Marwane Ben Yamed répond aux pro-Soro: « En quoi exiger la vérité est un crime ? ». Le directeur de publication de Jeune Afrique qui a écrit un édito comme sans doute jamais un journaliste ne l’avait osé concernant, l’ex-chef de la rébellion, a soulevé le courroux des supporteurs de ce dernier. Nous vous proposons sa brève réponse écrite sur son mur Facebook.
« Incompréhensible : quand on demande vérité et justice équitable en Côte d’Ivoire, on est forcément « contre » ou « à charge »… (cf les Unes des quotidiens des 6 et 7 juin et les commentaires sur FB ou Twitter).
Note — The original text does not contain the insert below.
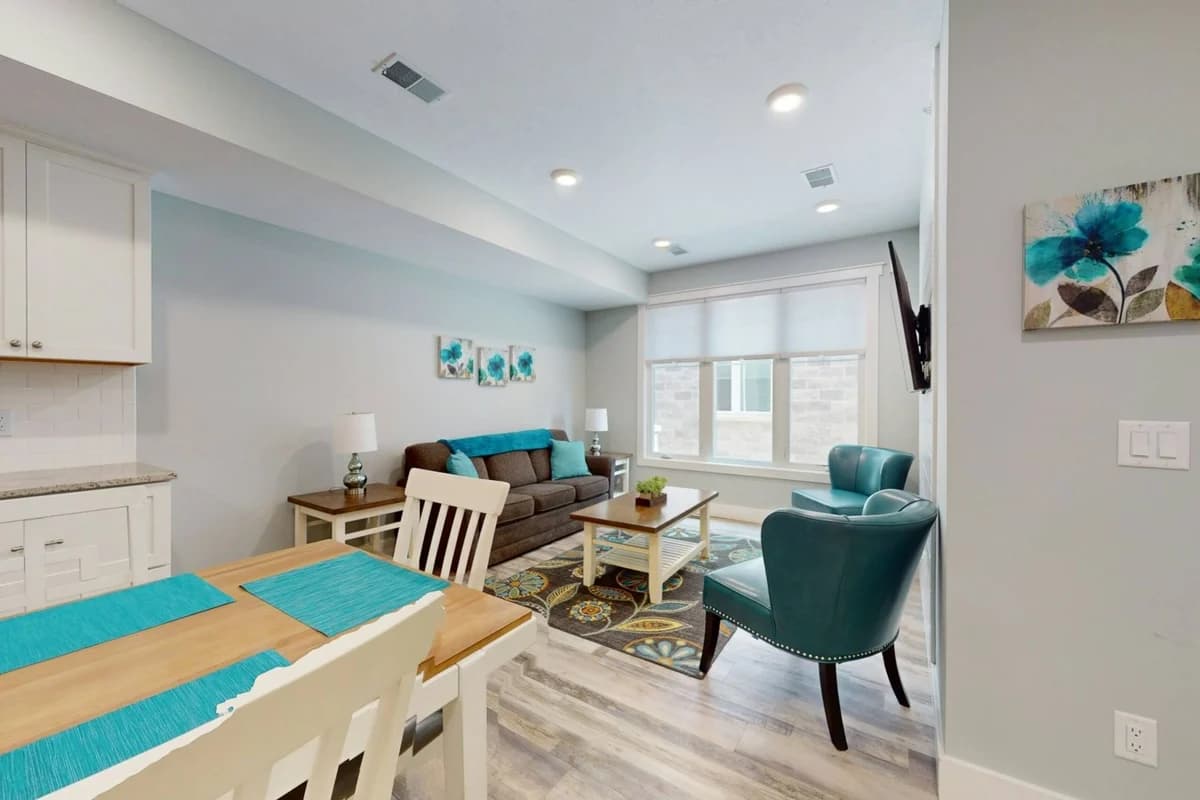 The Cove 5 | 2BR | Rooftop Patio | Downtown photo 7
Mon éditorial « Docteur Guillaume et Mister Soro » a provoqué chez ses fans un déluge d’insultes et de contré-vérités. À aucun moment je n’écris qu’il est coupable. Mais que la suspicion qui ne cesse de l’entourer doit être dissipée. A fortiori s’il entend incarner la nouvelle génération de dirigeants et aspire aux plus hautes fonctions.
Deux mandats d’arrêts internationaux ont été émis contre lui (France et Burkina), les caches d’armes, les mutineries de ses ex-troupes, etc. En quoi est-ce un crime d’exiger, pour les Ivoiriens eux-mêmes, que l’on recherche (enfin) la vérité en toute transparence ? »
Voici l’édito qui a fâché les pro-Soro
Si Guillaume Soro devait un jour songer à sa reconversion professionnelle, nul doute que s’ouvrirait à lui une voie toute tracée : armurier !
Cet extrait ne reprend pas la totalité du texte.